Department of Chemistry, University of Illinois at Urbana-Champaign, 600 South Mathews Avenue, Urbana, Illinois 61801, USA.
Carl R. Woese Institute for Genomic Biology, University of Illinois at Urbana-Champaign, 1206 West Gregory Drive, Urbana, Illinois 61801, USA.
J Am Chem Soc. 2016 Dec 7;138(48):15511-15514. doi: 10.1021/jacs.6b08987. Epub 2016 Oct 13.
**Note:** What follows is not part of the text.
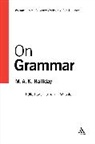 M a K Halliday, M. A. K. Halliday, M.A.K. Halliday, MAK Halliday, Michael A. K. Halliday, Jonathan Webster... - On Grammar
The biosynthesis of the thiopeptide thiomuracin is a well-orchestrated process involving a multitude of posttranslational modifications. We show that six Cys residues of a precursor peptide are first cyclodehydrated and oxidized to thiazoles in an ordered, but nonlinear fashion that is leader-peptide-dependent. Then four alcohols are glutamylated and converted to alkenes in a C-to-N terminal directional process that is leader-peptide-independent. Finally, two of these alkenes undergo a formal [4 + 2] cycloaddition to form a trithiazole-substituted pyridine macrocycle. We describe here the factors that govern the substrate specificity and order of biosynthetic events that turn a ribosomal peptide into a powerful antibiotic.
硫肽噻霉素的生物合成是一个精心协调的过程,涉及多种翻译后修饰。我们表明,前体肽中的六个半胱氨酸残基首先以有序但非线性的方式环脱水并氧化为噻唑,这依赖于前导肽。然后,四个醇在 C 端到 N 端的定向过程中被谷氨酸化并转化为烯烃,该过程不依赖于前导肽。最后,其中两个烯烃经历一个正式的[4+2]环加成反应,形成一个三噻唑取代的吡啶大环。我们在这里描述了控制生物合成事件底物特异性和顺序的因素,这些因素将核糖体肽转化为一种强大的抗生素。